MySQL Bugs: #37786: Optimizer does not count rows before range when choosing index

Bug #37786	Optimizer does not count rows before range when choosing index
Submitted:	1 Jul 2008 21:48	Modified:	9 Jul 2008 3:31
Reporter:	Kolbe Kegel	Email Updates:
Status:	Duplicate	Impact on me:	None
Category:	MySQL Server: Optimizer	Severity:	S3 (Non-critical)
Version:	5.1.25	OS:	Any
Assigned to:		CPU Architecture:	Any

Description:
The optimizer, when trying to avoid a filesort, seems to ignore the huge number of rows that need to be scanned through to get to the rows the query needs to read.

How to repeat:
I have a very large test case that can be used to reproduce this issue.

CREATE TABLE t1 (
  `id` bigint(20) NOT NULL AUTO_INCREMENT,
  `c1` int(11) DEFAULT NULL,
  `c2` decimal(6,1) DEFAULT NULL,
  `c3` datetime DEFAULT NULL,
  PRIMARY KEY (`id`),
  KEY `k1` (`c2`),
  KEY `k2` (`c1`,`c3`)
) ENGINE=InnoDB AUTO_INCREMENT=2404046480 DEFAULT CHARSET=latin1

> explain SELECT * FROM t1 WHERE c1 in (37924) ORDER BY c2 limit 1\G
*************************** 1. row ***************************
           id: 1
  select_type: SIMPLE
        table: t1
         type: index
possible_keys: k2
          key: k1
      key_len: 5
          ref: NULL
         rows: 793
        Extra: Using where
1 row in set (0.00 sec)

After executing the SELECT, SHOW STATUS reports this:

| Handler_read_next                 | 36115744      |

Results of the EXPLAIN are quite different if the LIMIT is excluded.

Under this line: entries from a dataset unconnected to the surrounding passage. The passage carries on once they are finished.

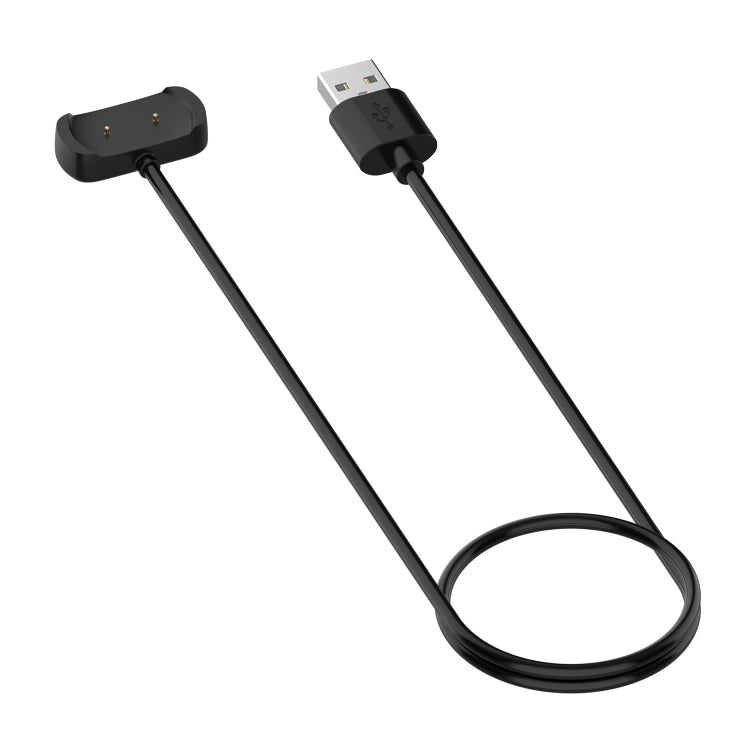 For Amazfit Bip 5 Unity A2324 Smart Watch Magnetic Charging Cable, Length: 1m(Black)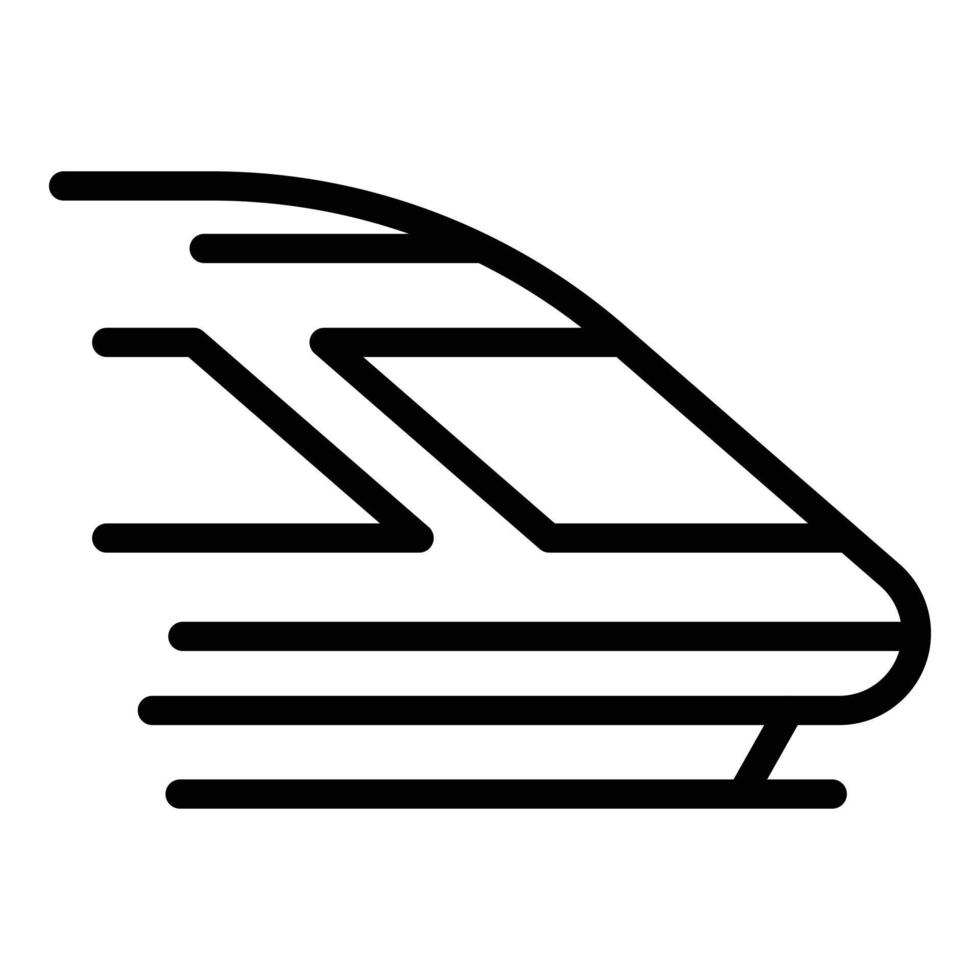 High speed metro icon, outline style vector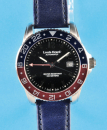 Louis Erard, große Automatic-Armbanduhr mit 24-Stunden-Pepsi- Drehlünette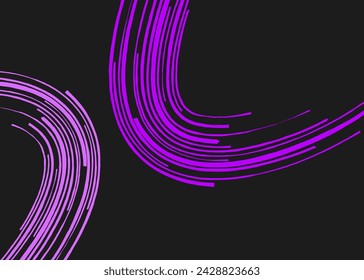 Minimalist background with curved brush lines pattern and with some copy space area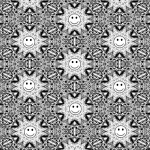 Smiley Kaleidoscope Design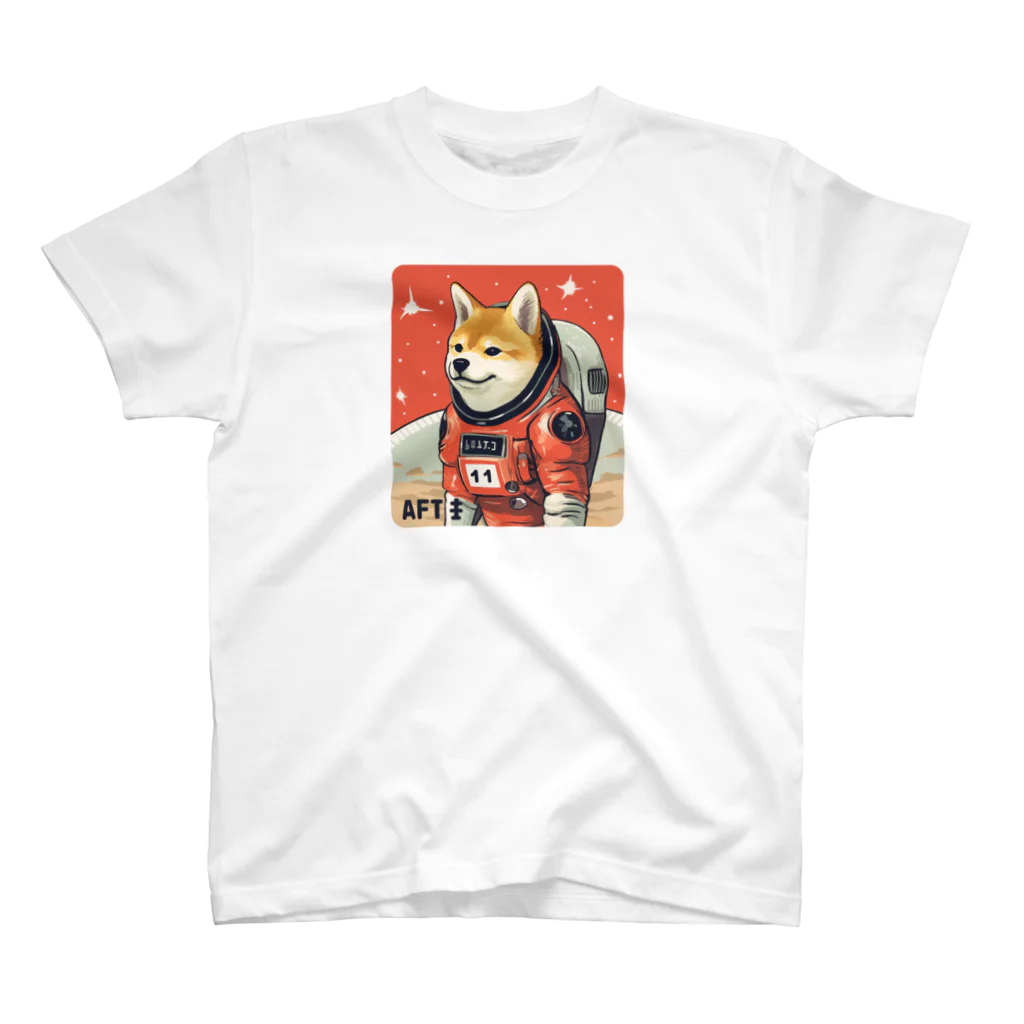 スペースドッグ・ラボのスペース柴犬探検隊 スタンダードTシャツ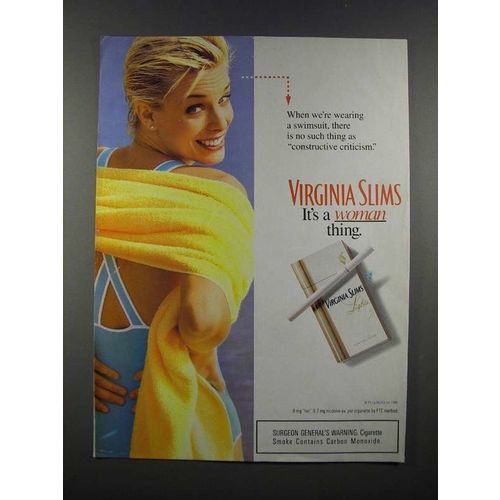 1996 Virginia Slims Cigarette Ad - Wearing Swimsuit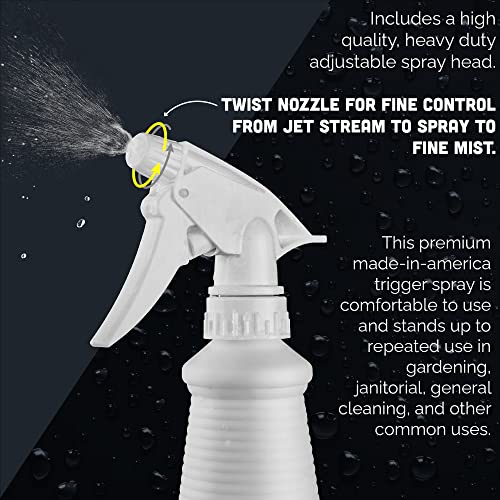 Image of MAXTITE 200-Proof (100%) Denatured Alcohol with Heavy-Duty Sprayhead - 32 fl oz, 4 Pack (1 Gallon Total) - for Industrial, DIY, or Professional Use - Solvent, Cleaner, Additive - Made in USA
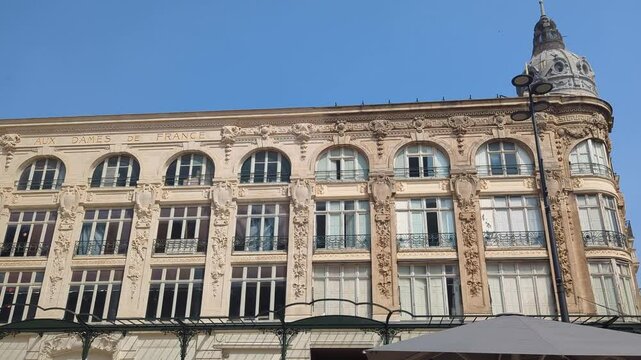 Stunning Parisian architecture with intricate details. This footage captures the essence of urban exploration. Perfect for art, culture, and travel projects.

mysql 5.1.23-rc (root) "test"> explain SELECT * FROM t1 WHERE c1 in (37924) ORDER BY c2 \G
*************************** 1. row ***************************
           id: 1
  select_type: SIMPLE
        table: t1
         type: ref
possible_keys: k2
          key: k2
      key_len: 5
          ref: const
         rows: 212280
        Extra: Using where; Using filesort
1 row in set (0.00 sec)

FORCE INDEX *with* the LIMIT produces EXPLAIN output quite similar to the above (unsurprisingly), but much better Handler_read_next results:

mysql 5.1.23-rc (root) "test"> explain SELECT * FROM t1 force index (k2) WHERE c1 in (37924) ORDER BY c2 limit 1\G
*************************** 1. row ***************************
           id: 1
  select_type: SIMPLE
        table: t1
         type: ref
possible_keys: k2
          key: k2
      key_len: 5
          ref: const
         rows: 212280
        Extra: Using where; Using filesort
1 row in set (0.00 sec)

mysql 5.1.25-rc (root) "test"> SELECT * FROM t1 force index (k2) WHERE c1 in (37924) ORDER BY c2 limit 1;
...

| Handler_read_next | 168778 |

It may be possible to reproduce with a smaller test case, too. It's easy enough to reproduce the optimizer choosing the "wrong" index, but more difficult to get the distribution right to cause the enormous disconnect between "rows" in EXPLAIN output and Handler_read_next after the query is executed. I'm not sure what feature of the distribution in the large test (above) causes that particular behavior.

CREATE TABLE `i1` (
  `id` int(10) unsigned NOT NULL AUTO_INCREMENT,
  `a` tinyint(4) NOT NULL,
  `b` int(11) DEFAULT NULL,
  PRIMARY KEY (`id`),
  KEY `a` (`a`),
  KEY `b` (`b`)
) ENGINE=InnoDB AUTO_INCREMENT=1000001 DEFAULT CHARSET=latin1

explain select * from i1 where a=100 order by b limit 1\G
*************************** 1. row ***************************
           id: 1
  select_type: SIMPLE
        table: i1
         type: index
possible_keys: a
          key: b
      key_len: 5
          ref: NULL
         rows: 99
        Extra: Using where

| Handler_read_next | 233   | 

Suggested fix:
In this example, the optimizer should account for the 30 million rows it needs to read to carry out this execution plan.

A workaround is to use FORCE INDEX for queries known to be affected by this problem.

Reproducible on both InnoDB & MyISAM.

Looks like a duplicate of bug #36259.